Выбрать главу

В заключение маленькая, но необычайно характерная деталь.

«На иллюстрацию надо – хочется – порою заставить смотреть читателя текста. Сделать это абсолютно неизбежным можно только одним путем: слить иллюстрацию с буквой так, чтобы не знали мы где кончается одно, где начинается другое (!)».

Вот именно: – слить так, чтобы слилось все в одно декоративное целое, в один сплошной узор, чтобы не знать где кончается одно, где начинается другое, отодвинуть книгу на такое расстояние, чтобы нельзя было прочесть, уйти в другую комнату и оставить текст, обложку, виньетки, заставки и иллюстрации перекликаться друг с другом в уютных книжных шкафах, за стеклянной стеной, ограждающей их от покупателя, читателя, и прочего плебса.

Если вы думаете, что профессор Сидоров не знает, куда ведет такое искусство книги – вы очень ошибетесь. Он прекрасно знает. Вот что он говорит по этому поводу:

«Любовь к книге, „библиофилия“, которая порою вырождается в „библиоманию“, как это ни странно, ведет зачастую к явлениям и взглядам, в корне противоположным первичной цели печатного искуства. Так, друзьям моим, библиофилам, нечего закрывать глаза на то, что мы любим книгу совсем иррационально, не думая о ценности ее содержания, любим ее за ее красоту, редкость или за те ассоциативные связи, которыми она порою богата. – Помилуйте эту книгу, этот вот самый экземпляр моей библиотеки держал в руках Пушкин! Вот пометы его на полях. Книга самая ничтожная может так стать своеобразным фетишем. – А книга „красивая“. Вот она – в безукоризненом „любительском“ переплете, с гравюрами, чистенькая, нетронутая – да разве я позволю, например, дать ее кому либо на прочтение. Разве я стану вообще… ее читать сам. От чтения, самого процесса разворачивания и перелистывания книги, она ведь неизбежно теряет этот свой нетронутый вид. Да я ее лучше спрячу под десять обложек и переплетов, вложу в одинадцать коробок, буду из глубин шкафа вынимать только для редкого показывания таким же библиофилам. И все, что мы здесь описываем, есть явление самое распространенное. Порою даже задумываешься: кто же истинный друг книги – читатель или этот ее собственник. Так диаметрально противоположными оказываются их интересы».
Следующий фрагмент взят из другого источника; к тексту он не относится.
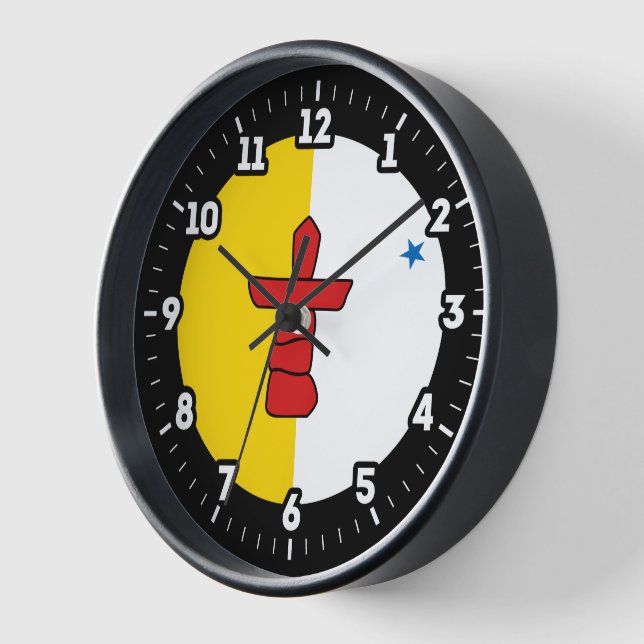 Nunavut Flag Graphic Dial Clock (Angle)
Браво! Еще бросок и нашего полку (производственников) прибыло.

Нет, сорвалось!

«Это отношение к книге как к неживому предмету, который можно взять в руки, полистать, посмотреть но не больше, есть отношение своеобразно (?) оправданное. Именно оно выдвинуло в книге сторону ее профессионального мастерства, именно оно ведет к созданиям музеев книги где, положенные в стеклянных витринах старые книги, которые никто все равно не стал бы читать, выполняют свою иную роль – учить делателя новой книги его искусству (?!).»

Воистину, конец венчает дело.

Учиться книжному искусству по книгам, которых никто не читает!

Бедный читатель!

VI.

Профессор Сидоров не одинок. Он принадлежит к многочисленной группе «услужливых эстетов», которые верно учуяв, что художество взяло курс на производство, спешат предложить свои услуги «по художественному оформлению» производственных изделий.

Полные профаны в производственной логике, они подходят к этому художественному оформлению со всем запасом старых «станковых» навыков, только внешне переименовывая старые термины на модный производственный лад.

Так часто упоминаемые «конструкция, конструктивность» ничто иное как давно известные «художественная композиция, компановка», ничего общего не имеющие с нашей производственной конструкцией, означающей целесообразное построение вещей.

«Логика материала» – та же «эстетическая выразительность материала» приводящая к любованию вещью как таковой, вне ее утилитарного значения. Не даром ставит профессор Сидоров в пример книжникам средневековых калиграфов.

Чьи рукописи и по сей час доставляют нам одним своим видом самое настоящее художественное наслаждение.

Услужливый эстет не идет на завод, не вливается в производственный процесс, – он тянет завод к себе, в мастерскую, в круг своих эстетических традиций. «Книга как и всякое произведение искусства» – вот его подход к делу. Эстет не может опуститься «в низины» производственного труда, – какой же он был бы тогда эстет? – он пытается

«облагородить» производство, поднять его до «высот чистого искусства». Только при таком условии мыслит он свое участие в работе над производственными изделиями.

Результат его деятельности печален. Производству он не нужен, более того, вреден. А чистое искусство, которое он хочет оживить производственным «духом», от этого духа только еще скорей скончается. В этом пожалуй, его историческая роль.